■ **Try it**:
Output the data unchanged and complete, minus the images.

■ **Given data**:
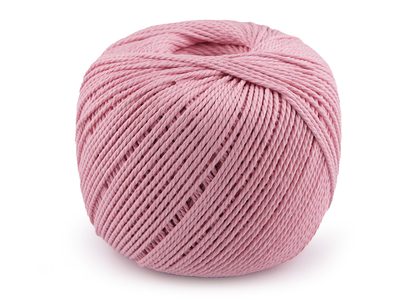 Bavlněná příze macrame Ø2 mm{% if variant.name %} – 5 růžová sv.{% endif %}
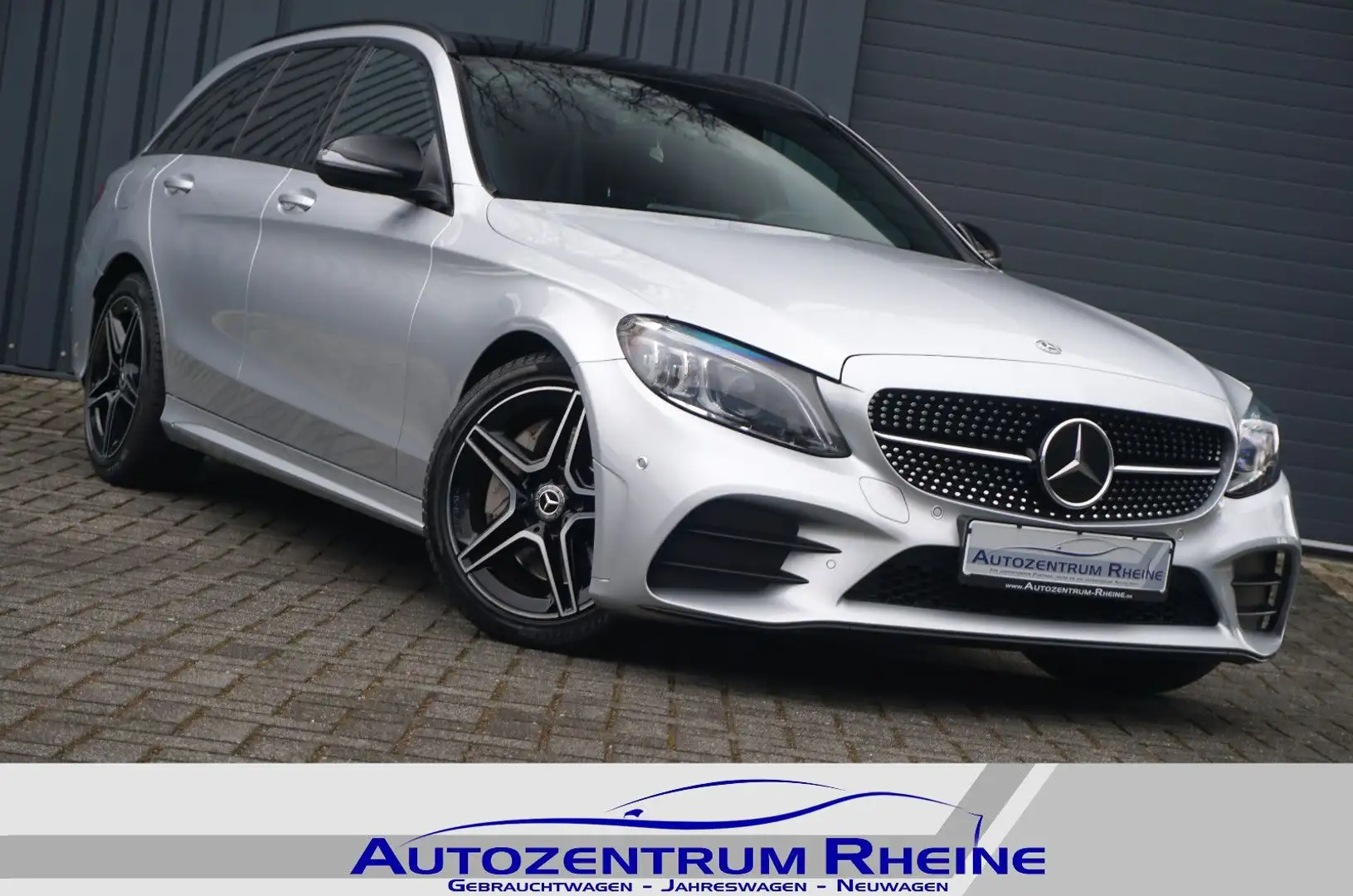 Mercedes-Benz C 300 T AMG Multib RFK PANO SHZ NAV Ambiente ACC Silber - 1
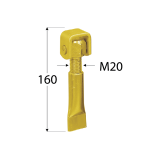 Zawias regulowany do muru - ZRM DMX - 2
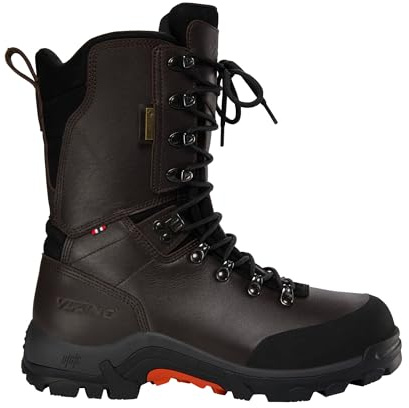 Viking Vi​k​i​n​g​ Hu​n​t​e​r​ GTX, Botas de Caza, Unisex adulto, Dark Brown, 42 EU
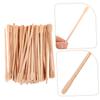 NIYANGLE 300 Pcs Waxing Sticks for Eyebrow and Facial Hair Removal Gentle Skin Friendly Applicator Sticks for Nose Eyebrow and Lip Waxing Convenient Travel Bag Included view 3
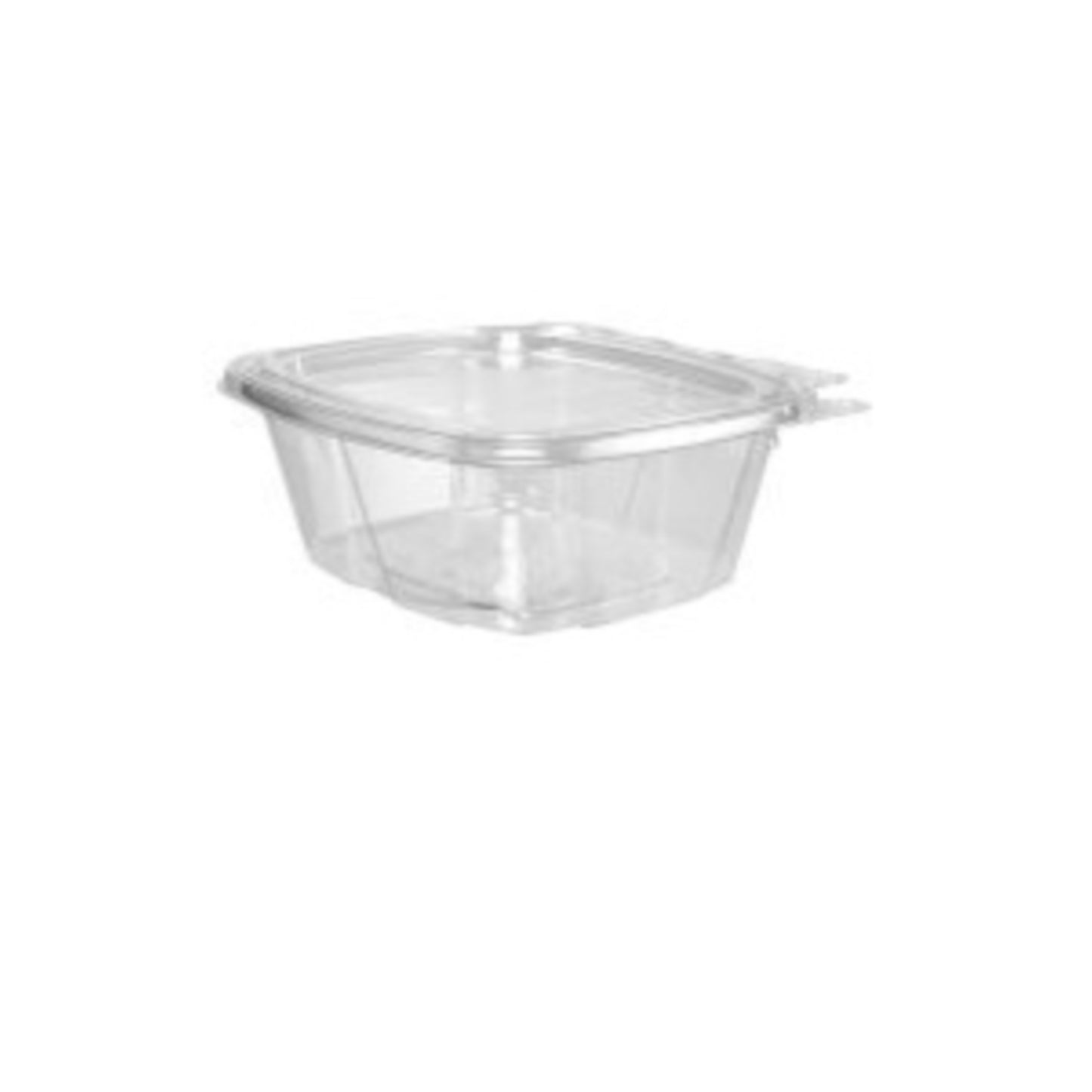 16oz Clearpac SafeSeal PET Tamper Evident/Resistant Container with Flat Hinged Lid, Clear, 200/CS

■ **Response area**:
 Bavlněná příze macrame Ø2 mm{% if variant.name %} – 5 růžová sv.{% endif %}
 Mercedes-Benz C 300 T AMG Multib RFK PANO SHZ NAV Ambiente ACC Silber - 1
 Zawias regulowany do muru - ZRM DMX - 2
 Viking Vi​k​i​n​g​ Hu​n​t​e​r​ GTX, Botas de Caza, Unisex adulto, Dark Brown, 42 EU
 NIYANGLE 300 Pcs Waxing Sticks for Eyebrow and Facial Hair Removal Gentle Skin Friendly Applicator Sticks for Nose Eyebrow and Lip Waxing Convenient Travel Bag Included view 3
 16oz Clearpac SafeSeal PET Tamper Evident/Resistant Container with Flat Hinged Lid, Clear, 200/CS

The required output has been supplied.